There were four panelists, but the two key combatants were Israeli professor Yifat Bitton and Israel Hayom senior commentator Dror Eydar. While they agreed about the fundamental value of Israel’s Jewish identity, they clashed over the law’s necessity — and did so emotionally.

As Ron Kampeas wrote in JTA about the session, Eydar and Bitton “wouldn’t let the other finish a sentence, veering all over a virtual highway of emotive issues, including who is a Jew and paying non-Jewish Israeli soldiers the honor they are due.”

Kampeas even noticed something I didn’t: “As the volume increased … someone in the audience started singing ‘Hineh Ma Tov Umah Naim’ (‘How good and pleasant it is when a tribe of brothers comes together’).”

“All too often, what I’ve seen in heated debates is that someone will try to “win” by denigrating or labeling an ideological rival. … In my IAC panel, the passion was funneled into the argument, not into personal attacks.”

Hmm, good and pleasant? I imagine the singer must have had tongue planted firmly in cheek.

I had mixed feelings about the session. First, while I value passion, I also value inner struggle. I was hoping one of the panelists would have captured the complexity of the debate itself. In the heat of the moment, however, there was little room for self-doubt. Certainty ruled.

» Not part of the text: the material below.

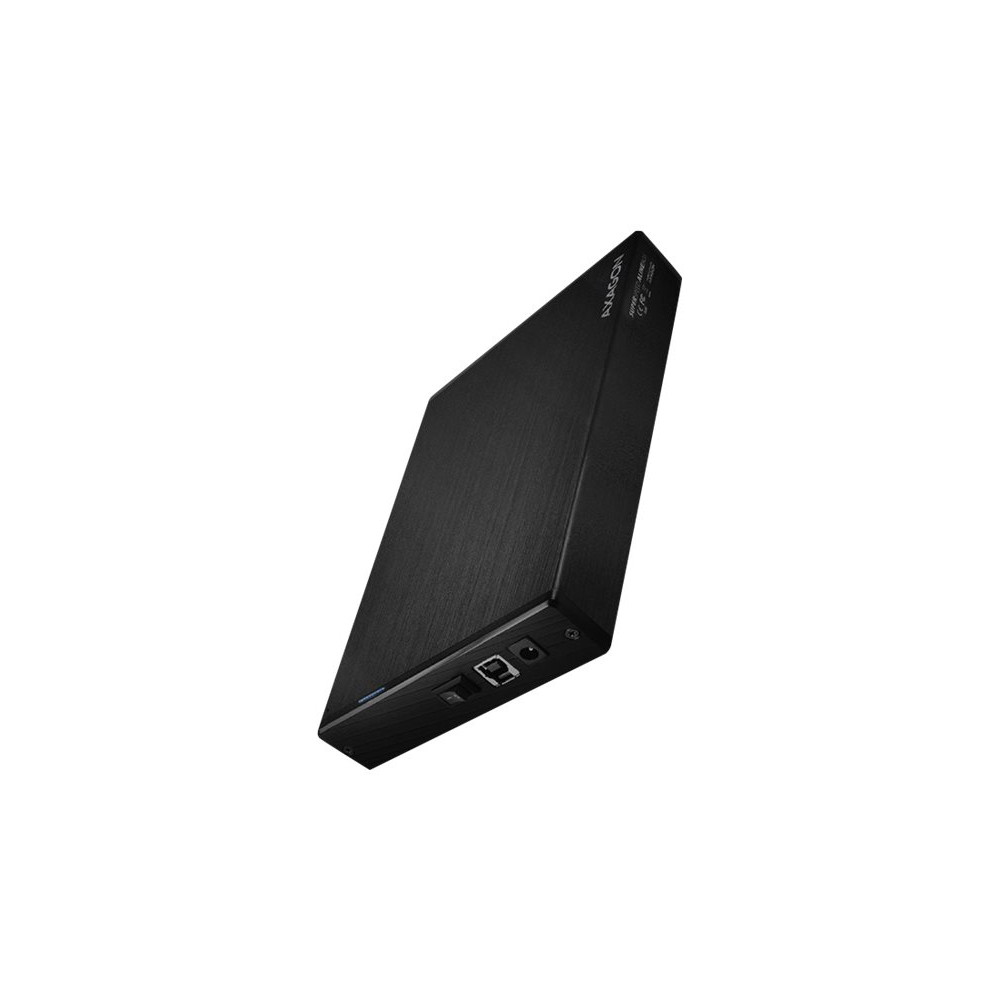 Produktbild för AXAGON EE35-XA3 - förvaringslåda - SATA 3Gb/s - USB 3.2 (Gen 1)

Second, I was reminded again of the “CNN panel effect.” When a handful of pundits sit around a table to discuss complicated issues, and they have under a minute to make a snappy point, how likely are they to capture nuance? The best we can hope for is that panelists will plant seeds of complexity that the viewer will be encouraged to investigate. 

Which brings me to what I did like about the panel: Nobody used labels instead of arguments. All too often, what I’ve seen in heated debates is that someone will try to “win” by denigrating or labeling an ideological rival. The worst examples are labels such as “racist” or “sexist.” In my IAC panel, the passion was funneled into the argument, not into personal attacks.

In fact, the only time a label was introduced was when Eydar stood up to mention that Bitton was actually a “close friend.” I think he didn’t want the audience to misinterpret disagreement with animosity. Bitton herself responded by telling the crowd that, yes, they were indeed close friends, and that their political differences had no bearing on the continuation of their friendship.

The notion of engagement without “labels” is the theme of our cover story this week.

Our New York writer, Karen Lehrman Bloch, reports on a fledgling movement that is trying to bring a problem-solving mentality to a deeply divided Congress. Our story focuses on one of the leaders of this movement, Nancy Jacobson, who several years ago founded the No Labels organization. As a veteran of the political scene in Washington, D.C., she decided that the best way she could help her country was to push relentlessly for a greater sense of bipartisanship.

“Nancy Jacobson’s dream is a great dream: To have U.S. politicians look at one another with only one label in mind, the label of Americans who want what’s best for their country.”

A key part of the movement is the very name, No Labels. After all, what better starting point to bridging differences than to focus on what people are saying rather than the political label of the people saying it?

I know what you’re thinking: Good luck. Our politics and politicians seem divided beyond all hope. And you may be right — in my cynical moments, I often think the same. Still, it’s worth paying attention to dreamers, especially dreamers who have the savvy to make things happen. Jacobson is one of those people, and she’s making headway.

Her dream is a great dream: To have U.S. politicians look at one another with only one label in mind, the label of Americans who want what’s best for their country.

And if they can argue passionately about a controversial law and still be close friends, so much the better.